It’s not just because the Patriots, fresh off a bye week, are a 7-1 powerhouse in a league where just about everybody else is either 4-5 or 5-4. The challenge of going on the road and taking on a 7-1 team used to make the Seahawks’ mouths water.
Maybe that’s still the case. Maybe the Hawks will be dialed up for the task, capable of believing their trademark formula for success during the Pete Carroll Era — staunch defense and a clock-eating ground attack — can be rediscovered because it’s how they roll.
And wow, what a roll: Over their last 96 games, the Seahawks have entered the fourth quarter either leading or within at least one score of the lead. It is the longest such streak in NFL history.
They haven’t been beaten by more than 10 points since Oct. 23, 2011 — a full year before the last presidential election. Carroll’s Seahawks don’t always win, tradition tells us, but when they lose, it’s never by much.
I suspect this proud distinction is about to be erased by the kind of knockout punch that turned the once-invincible heavyweight champ Mike Tyson into, well, vincible.

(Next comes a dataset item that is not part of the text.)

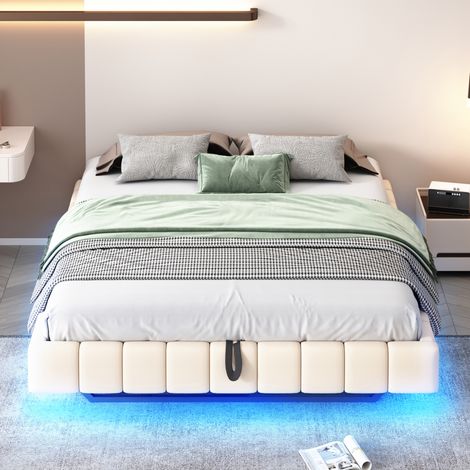 Letto imbottito 160x200 cm beige effetto sospeso, struttura in metallo, LED, contenitore sollevabile, senza testiera (1/5)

A team unable to make third-and-long stops on defense or third-and-short runs on offense can rely on prime-time magic, home-field karma, inexplicable officiating and opponents with esteem issues for only so long.
Buffalo controlled the ball more than 40 minutes Monday night. The Bills enjoyed virtually every advantage on the stat page except the only one that counts — the score — because they aren’t adept at finishing the deal.
Some bad news: The Patriots are very good at finishing the deal. Some worse news: The deal figures to be done long before the fourth quarter.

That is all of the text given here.